The Deep Generative Decoder: MAP estimation of representations improves modeling of single-cell RNA data
Viktoria Schuster, Anders Krogh
TL;DR
The paper presents the Deep Generative Decoder (DGD), a encoder-free, MAP-based framework that learns latent representations and decoder parameters jointly by maximizing the posterior $P(X,Z,\phi,\theta)$. By modeling the latent space with a parameterized Gaussian Mixture Model and using priors such as a softball prior for component means, the DGD achieves flexible, interpretable latent structure with smaller dimensionality than typical VAEs. Demonstrations on Fashion-MNIST and a broad collection of single-cell RNA-seq datasets show that DGD yields meaningful sub-clustering, competitive reconstruction, and superior or comparable clustering performance with substantially fewer latent dimensions.
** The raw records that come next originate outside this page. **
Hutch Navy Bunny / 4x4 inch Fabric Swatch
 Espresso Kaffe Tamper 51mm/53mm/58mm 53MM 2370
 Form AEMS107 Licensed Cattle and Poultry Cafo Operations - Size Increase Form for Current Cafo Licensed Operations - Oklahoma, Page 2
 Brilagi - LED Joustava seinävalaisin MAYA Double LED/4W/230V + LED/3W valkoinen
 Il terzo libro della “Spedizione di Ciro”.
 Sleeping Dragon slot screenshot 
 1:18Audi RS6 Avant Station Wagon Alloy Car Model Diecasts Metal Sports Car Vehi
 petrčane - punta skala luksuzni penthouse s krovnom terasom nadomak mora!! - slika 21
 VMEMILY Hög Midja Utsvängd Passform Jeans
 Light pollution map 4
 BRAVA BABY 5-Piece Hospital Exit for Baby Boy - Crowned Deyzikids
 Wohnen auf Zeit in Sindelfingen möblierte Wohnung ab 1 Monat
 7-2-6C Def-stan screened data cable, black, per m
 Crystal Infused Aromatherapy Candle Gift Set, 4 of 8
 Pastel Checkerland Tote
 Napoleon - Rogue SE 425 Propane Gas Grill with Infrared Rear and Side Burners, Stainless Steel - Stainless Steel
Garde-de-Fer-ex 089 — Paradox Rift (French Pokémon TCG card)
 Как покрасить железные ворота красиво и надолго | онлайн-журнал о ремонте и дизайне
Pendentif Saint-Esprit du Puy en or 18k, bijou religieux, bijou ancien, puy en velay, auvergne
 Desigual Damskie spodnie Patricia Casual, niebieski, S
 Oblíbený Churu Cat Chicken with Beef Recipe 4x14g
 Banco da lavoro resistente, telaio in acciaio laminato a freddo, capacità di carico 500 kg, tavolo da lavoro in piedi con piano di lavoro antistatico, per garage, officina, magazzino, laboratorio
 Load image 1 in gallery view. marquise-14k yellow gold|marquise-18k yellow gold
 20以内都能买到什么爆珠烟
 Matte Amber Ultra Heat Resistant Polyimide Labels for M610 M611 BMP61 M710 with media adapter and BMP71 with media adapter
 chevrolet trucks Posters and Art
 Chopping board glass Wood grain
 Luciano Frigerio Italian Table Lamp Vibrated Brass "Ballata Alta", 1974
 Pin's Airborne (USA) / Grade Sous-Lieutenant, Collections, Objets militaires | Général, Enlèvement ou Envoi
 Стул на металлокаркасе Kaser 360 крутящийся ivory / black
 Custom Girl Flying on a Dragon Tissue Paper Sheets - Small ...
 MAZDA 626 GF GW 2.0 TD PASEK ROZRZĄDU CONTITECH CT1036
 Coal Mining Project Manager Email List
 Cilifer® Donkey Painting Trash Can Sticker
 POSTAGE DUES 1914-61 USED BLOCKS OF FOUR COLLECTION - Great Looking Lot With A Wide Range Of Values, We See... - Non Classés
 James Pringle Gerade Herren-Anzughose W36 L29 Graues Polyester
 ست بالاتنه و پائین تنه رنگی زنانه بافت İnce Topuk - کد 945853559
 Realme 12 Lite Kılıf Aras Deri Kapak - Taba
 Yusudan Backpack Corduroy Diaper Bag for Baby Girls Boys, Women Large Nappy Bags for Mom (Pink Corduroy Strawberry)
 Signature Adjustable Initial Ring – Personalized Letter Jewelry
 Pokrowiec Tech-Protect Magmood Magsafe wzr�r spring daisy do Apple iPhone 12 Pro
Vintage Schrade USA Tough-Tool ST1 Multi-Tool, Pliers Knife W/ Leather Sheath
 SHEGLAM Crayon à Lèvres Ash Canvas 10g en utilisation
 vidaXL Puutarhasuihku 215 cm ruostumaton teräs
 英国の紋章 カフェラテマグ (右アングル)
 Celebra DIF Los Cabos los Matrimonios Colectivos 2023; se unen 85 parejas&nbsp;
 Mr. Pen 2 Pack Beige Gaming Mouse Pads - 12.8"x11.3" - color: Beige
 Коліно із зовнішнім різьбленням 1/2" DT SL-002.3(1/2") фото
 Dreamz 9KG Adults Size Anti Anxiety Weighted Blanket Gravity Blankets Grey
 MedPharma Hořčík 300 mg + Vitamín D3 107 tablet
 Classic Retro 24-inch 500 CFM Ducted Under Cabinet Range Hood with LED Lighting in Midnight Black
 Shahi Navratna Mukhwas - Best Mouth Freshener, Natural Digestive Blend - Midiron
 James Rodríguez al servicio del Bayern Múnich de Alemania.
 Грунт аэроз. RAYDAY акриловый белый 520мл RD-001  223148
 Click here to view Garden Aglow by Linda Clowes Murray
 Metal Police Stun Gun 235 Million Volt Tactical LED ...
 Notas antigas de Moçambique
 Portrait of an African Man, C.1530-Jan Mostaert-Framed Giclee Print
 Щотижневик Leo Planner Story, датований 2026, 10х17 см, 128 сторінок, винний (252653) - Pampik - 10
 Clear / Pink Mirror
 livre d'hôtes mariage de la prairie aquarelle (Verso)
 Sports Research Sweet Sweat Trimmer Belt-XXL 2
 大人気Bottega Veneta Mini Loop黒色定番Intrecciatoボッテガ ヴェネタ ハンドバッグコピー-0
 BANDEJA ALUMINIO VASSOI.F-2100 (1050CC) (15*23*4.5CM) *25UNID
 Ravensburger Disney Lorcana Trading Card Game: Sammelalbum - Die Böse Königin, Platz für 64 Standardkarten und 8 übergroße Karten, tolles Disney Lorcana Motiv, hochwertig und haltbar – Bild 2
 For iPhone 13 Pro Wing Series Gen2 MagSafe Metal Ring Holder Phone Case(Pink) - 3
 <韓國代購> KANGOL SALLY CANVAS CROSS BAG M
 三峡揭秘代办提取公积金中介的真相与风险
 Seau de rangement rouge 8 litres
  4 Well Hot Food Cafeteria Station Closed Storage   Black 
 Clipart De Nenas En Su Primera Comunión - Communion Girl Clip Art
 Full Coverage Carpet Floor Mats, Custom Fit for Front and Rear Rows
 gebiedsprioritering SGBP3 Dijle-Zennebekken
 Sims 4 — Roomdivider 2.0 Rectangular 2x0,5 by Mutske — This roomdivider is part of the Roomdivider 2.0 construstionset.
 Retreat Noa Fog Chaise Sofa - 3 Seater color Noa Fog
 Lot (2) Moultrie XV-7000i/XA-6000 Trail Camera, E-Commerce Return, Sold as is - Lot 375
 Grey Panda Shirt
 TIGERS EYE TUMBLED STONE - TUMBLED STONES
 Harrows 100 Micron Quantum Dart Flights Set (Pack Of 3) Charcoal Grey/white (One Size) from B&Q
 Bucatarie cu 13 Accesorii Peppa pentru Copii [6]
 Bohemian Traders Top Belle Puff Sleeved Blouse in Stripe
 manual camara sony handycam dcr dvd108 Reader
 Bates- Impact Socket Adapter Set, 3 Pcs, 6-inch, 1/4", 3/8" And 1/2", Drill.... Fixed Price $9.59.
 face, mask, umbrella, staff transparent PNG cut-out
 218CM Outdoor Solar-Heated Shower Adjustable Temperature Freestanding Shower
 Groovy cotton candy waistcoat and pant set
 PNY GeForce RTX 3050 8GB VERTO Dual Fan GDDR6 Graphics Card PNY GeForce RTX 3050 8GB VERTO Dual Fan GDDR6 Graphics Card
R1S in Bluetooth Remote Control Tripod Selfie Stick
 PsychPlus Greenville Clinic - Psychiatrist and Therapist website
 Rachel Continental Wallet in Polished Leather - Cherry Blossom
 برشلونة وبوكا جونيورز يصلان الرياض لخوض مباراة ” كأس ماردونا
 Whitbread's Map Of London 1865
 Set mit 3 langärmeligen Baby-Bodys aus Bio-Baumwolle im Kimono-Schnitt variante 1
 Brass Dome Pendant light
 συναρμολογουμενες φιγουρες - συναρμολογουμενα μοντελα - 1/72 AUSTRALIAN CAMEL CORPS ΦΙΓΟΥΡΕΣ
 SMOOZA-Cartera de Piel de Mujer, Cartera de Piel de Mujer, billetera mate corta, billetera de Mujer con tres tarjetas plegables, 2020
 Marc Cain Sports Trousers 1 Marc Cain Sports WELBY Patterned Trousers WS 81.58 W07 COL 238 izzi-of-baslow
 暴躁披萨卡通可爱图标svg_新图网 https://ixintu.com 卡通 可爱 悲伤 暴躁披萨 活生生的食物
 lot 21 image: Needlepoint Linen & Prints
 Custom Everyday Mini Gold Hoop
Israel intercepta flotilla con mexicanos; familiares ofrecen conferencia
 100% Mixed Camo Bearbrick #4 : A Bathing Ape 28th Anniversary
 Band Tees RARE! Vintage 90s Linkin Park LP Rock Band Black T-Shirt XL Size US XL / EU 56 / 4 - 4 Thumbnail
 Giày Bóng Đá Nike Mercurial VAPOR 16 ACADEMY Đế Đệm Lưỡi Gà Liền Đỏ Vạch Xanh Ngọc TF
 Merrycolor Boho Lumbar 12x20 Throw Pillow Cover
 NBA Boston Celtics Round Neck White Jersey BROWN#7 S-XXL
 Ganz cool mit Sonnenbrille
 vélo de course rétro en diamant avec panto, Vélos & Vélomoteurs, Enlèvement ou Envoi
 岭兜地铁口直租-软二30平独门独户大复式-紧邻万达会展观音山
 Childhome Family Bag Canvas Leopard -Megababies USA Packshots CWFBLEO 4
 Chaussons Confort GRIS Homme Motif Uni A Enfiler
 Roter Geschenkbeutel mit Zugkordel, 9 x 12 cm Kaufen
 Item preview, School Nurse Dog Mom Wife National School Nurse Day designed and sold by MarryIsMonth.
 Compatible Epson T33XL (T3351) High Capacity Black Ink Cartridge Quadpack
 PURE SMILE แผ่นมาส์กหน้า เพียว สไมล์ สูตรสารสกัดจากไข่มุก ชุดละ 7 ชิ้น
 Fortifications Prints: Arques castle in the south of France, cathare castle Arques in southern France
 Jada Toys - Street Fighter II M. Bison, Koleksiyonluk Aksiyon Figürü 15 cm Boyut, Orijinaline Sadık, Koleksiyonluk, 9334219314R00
While inference for new data points is slower than encoder-based methods, the approach offers simplicity, scalability, and easy extension to more complex latent distributions, making it well-suited for biological data analysis and potential multi-omics integration. The provided code bases enable replication and further development of encoder-free generative modeling in biomedical contexts.
Abstract
Learning low-dimensional representations of single-cell transcriptomics has become instrumental to its downstream analysis. The state of the art is currently represented by neural network models such as variational autoencoders (VAEs) which use a variational approximation of the likelihood for inference. We here present the Deep Generative Decoder (DGD), a simple generative model that computes model parameters and representations directly via maximum a posteriori (MAP) estimation. The DGD handles complex parameterized latent distributions naturally unlike VAEs which typically use a fixed Gaussian distribution, because of the complexity of adding other types. We first show its general functionality on a commonly used benchmark set, Fashion-MNIST. Secondly, we apply the model to multiple single-cell data sets. Here the DGD learns low-dimensional, meaningful and well-structured latent representations with sub-clustering beyond the provided labels. The advantages of this approach are its simplicity and its capability to provide representations of much smaller dimensionality than a comparable VAE.